Il salue l’implication qu’il a perçue chez Emmanuel Charrier et Laurent Rodriguez face à son vécu. « Ils savaient beaucoup de détails sur la Syrie, sur toutes ces atrocités, ce que j’ai vécu dans la ville de Hom. Ils ont vu des photos de guerre, d’explosions, de bombardements, etc. Ils étaient sur place alors qu’un séisme a frappé la Syrie dans l’année 2022. Nous avons beaucoup appris les uns des autres dans cet échange sincère. »

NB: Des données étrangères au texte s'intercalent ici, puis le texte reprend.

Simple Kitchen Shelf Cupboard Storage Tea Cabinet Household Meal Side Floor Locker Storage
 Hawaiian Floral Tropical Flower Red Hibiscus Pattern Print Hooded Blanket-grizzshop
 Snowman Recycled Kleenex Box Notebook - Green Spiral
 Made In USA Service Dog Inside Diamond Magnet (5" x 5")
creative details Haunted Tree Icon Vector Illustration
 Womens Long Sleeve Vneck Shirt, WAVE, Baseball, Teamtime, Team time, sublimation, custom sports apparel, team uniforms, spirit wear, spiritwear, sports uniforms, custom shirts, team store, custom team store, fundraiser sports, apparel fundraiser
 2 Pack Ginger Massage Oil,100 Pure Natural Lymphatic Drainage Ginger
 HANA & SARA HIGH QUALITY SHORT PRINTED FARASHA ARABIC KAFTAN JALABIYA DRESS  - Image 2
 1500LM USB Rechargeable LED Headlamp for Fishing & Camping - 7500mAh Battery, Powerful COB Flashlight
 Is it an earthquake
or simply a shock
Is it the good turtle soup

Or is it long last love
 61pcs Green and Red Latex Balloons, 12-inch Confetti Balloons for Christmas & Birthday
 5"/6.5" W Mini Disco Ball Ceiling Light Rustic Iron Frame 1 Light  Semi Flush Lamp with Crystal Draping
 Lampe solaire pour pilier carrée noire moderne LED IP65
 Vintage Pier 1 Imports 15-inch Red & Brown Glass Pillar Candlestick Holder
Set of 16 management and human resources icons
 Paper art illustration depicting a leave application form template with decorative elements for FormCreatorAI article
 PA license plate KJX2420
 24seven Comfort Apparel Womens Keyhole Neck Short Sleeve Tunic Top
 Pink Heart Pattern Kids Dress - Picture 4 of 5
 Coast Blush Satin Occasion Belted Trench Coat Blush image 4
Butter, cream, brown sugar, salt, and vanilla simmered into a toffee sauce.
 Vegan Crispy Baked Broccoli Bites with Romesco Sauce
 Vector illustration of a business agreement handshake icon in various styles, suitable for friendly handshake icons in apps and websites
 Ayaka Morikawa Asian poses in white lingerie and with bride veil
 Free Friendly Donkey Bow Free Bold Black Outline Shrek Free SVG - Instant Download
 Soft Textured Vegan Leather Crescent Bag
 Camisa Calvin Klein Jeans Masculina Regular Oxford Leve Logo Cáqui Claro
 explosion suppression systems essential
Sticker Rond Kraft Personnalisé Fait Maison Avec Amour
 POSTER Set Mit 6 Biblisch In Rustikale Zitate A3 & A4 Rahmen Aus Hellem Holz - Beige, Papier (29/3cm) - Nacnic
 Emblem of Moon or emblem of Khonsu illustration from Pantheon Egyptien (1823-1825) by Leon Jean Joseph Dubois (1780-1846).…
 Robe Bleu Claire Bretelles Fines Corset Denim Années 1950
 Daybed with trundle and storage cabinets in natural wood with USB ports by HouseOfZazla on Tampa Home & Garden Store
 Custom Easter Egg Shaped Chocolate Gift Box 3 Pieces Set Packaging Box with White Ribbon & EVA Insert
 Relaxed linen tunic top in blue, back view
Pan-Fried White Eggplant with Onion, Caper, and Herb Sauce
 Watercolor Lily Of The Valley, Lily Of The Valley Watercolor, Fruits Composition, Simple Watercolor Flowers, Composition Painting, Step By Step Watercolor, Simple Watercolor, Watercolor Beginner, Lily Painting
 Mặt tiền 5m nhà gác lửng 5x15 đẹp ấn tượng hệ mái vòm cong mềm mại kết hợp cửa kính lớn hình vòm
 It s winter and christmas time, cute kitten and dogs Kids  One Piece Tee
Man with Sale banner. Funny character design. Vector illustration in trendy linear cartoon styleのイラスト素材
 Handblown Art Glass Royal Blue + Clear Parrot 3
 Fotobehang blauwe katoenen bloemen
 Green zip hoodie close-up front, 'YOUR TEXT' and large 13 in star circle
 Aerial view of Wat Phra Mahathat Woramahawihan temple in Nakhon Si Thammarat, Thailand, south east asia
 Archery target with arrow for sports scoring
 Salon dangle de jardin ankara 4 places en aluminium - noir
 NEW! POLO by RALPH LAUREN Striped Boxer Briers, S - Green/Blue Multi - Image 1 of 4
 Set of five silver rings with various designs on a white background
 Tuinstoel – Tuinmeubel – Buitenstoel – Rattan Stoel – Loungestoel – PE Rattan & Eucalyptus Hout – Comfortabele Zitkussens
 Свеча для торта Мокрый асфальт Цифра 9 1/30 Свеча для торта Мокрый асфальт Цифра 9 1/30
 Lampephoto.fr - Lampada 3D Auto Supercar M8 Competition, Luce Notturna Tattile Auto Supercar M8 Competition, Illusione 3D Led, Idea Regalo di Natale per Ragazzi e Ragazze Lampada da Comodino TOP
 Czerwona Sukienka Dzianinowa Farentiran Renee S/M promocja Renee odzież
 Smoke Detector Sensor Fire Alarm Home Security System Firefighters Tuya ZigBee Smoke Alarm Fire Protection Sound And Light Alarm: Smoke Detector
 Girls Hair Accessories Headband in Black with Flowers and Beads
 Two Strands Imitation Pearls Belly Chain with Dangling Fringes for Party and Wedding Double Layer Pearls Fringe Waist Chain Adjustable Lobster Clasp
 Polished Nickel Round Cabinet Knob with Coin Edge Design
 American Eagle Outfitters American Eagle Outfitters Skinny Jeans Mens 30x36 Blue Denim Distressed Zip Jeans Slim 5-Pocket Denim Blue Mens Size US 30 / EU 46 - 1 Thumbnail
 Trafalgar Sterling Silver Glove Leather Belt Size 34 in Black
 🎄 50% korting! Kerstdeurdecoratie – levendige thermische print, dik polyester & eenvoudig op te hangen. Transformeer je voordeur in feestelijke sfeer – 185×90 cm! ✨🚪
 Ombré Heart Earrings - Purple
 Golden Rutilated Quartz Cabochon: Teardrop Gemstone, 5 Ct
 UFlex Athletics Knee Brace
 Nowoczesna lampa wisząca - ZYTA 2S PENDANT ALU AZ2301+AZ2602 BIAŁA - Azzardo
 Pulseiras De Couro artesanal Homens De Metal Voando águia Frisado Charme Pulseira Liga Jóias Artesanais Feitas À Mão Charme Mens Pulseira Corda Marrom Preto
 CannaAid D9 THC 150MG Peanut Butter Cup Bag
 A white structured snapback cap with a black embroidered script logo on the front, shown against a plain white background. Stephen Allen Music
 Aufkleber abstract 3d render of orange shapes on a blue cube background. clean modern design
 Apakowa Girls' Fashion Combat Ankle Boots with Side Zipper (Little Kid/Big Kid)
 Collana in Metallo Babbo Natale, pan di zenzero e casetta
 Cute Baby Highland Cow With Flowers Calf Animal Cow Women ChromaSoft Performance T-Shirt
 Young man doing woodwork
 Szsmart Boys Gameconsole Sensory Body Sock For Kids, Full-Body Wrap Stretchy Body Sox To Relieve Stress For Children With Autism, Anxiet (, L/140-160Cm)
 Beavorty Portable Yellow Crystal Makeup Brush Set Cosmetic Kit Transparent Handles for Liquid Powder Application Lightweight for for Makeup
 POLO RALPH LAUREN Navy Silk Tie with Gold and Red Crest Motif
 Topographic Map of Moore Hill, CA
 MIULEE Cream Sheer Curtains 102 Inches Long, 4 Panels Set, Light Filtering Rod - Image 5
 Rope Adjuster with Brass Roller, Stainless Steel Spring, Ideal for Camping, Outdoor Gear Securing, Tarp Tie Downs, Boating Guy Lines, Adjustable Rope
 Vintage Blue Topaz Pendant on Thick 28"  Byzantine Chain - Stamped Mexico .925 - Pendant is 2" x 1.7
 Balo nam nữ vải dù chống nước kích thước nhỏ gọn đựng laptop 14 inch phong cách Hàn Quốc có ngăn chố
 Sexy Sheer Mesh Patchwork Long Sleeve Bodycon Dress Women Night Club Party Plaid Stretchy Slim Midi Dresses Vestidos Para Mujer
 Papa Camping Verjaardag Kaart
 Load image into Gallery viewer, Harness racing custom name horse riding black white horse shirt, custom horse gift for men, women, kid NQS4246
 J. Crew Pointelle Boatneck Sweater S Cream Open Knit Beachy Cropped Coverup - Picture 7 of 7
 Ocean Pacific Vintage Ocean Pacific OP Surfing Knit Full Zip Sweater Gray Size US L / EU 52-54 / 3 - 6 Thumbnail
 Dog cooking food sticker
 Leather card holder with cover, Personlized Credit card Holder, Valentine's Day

Laurent Rodriguez, lui, a « appris que c’était impossible de se mettre à la place des autres, même avec les meilleures intentions du monde, alors j’ai écouté. C’est une vraie rencontre, car ils m’ont changé et je pense que je les ai changés un peu aussi. Nous avons accepté de nous rapprocher les uns des autres et que cela nous transforme. »
Un levier pour promouvoir le DU Peps et des formations équivalentes
Emmanuel Charrier se réjouit de la vitrine qu’offre ce film, aussi bien au DU Peps de l’Université Paris 1 Panthéon-Sorbonne qu’aux formations équivalentes d’autres universités françaises et associations.
« Ce DU est maintenant devenu un vrai projet de l’université. Au départ, il était soutenu par quelques enseignants dans le département des langues où j’enseigne. Aujourd’hui, de nombreux étudiants, enseignants et personnels viennent voir les projections que nous organisons au cinéma l’Arlequin », se réjouit Emmanuel Charrier avant de souligner l’apport de la création du réseau Mens (Migrants dans l’enseignement supérieur) en 2018.
Il poursuit : « Ce réseau, composé de plusieurs universités et associations, a permis l’élaboration de nombreuses projections en province avant la mise en avant de plusieurs programmes à l’échelle locale : à Vannes, Lorient, Angers… D’autres qui vont suivre, à partir de la prochaine rentrée universitaire. »
Ce film résonne aussi avec l’actualité politique qui a vu l’extrême droite en tête des résultats français des élections européennes du 9 juin : « Si le film de Laurent permet de tordre le bras à tous ces stéréotypes mensongers, alors c’est important qu’il soit vu. »
En mai, le Réseau Mens organisait son premier colloque
Pour la première fois depuis sa création en 2017 et la mise en place des DU Passerelle en 2019, le réseau Mens a organisé un colloque national, le 14 mai 2024 à Sorbonne Université.
L’occasion principalement « de faire le bilan » pour Mathieu Schneider, président du réseau Mens et vice-président de l’Université de Strasbourg. Il était revenu sur News Tank TV sur les objectifs de ce dernier : « Nous pouvons être meilleurs dans l’insertion académique, le DU Passerelle est un pont qui amène du pays d’accueil vers la formation en France. Il faut qu’il favorise une intégration dans une composante, dans une faculté, dans une filière. (…) Nous avons aussi constaté que nous disposions d’une bonne couverture territoriale. Ce n’est donc pas l’extension du réseau que nous visons, mais son gain en qualité, avec des moyens humains à stabiliser », évoque Mathieu Schneider.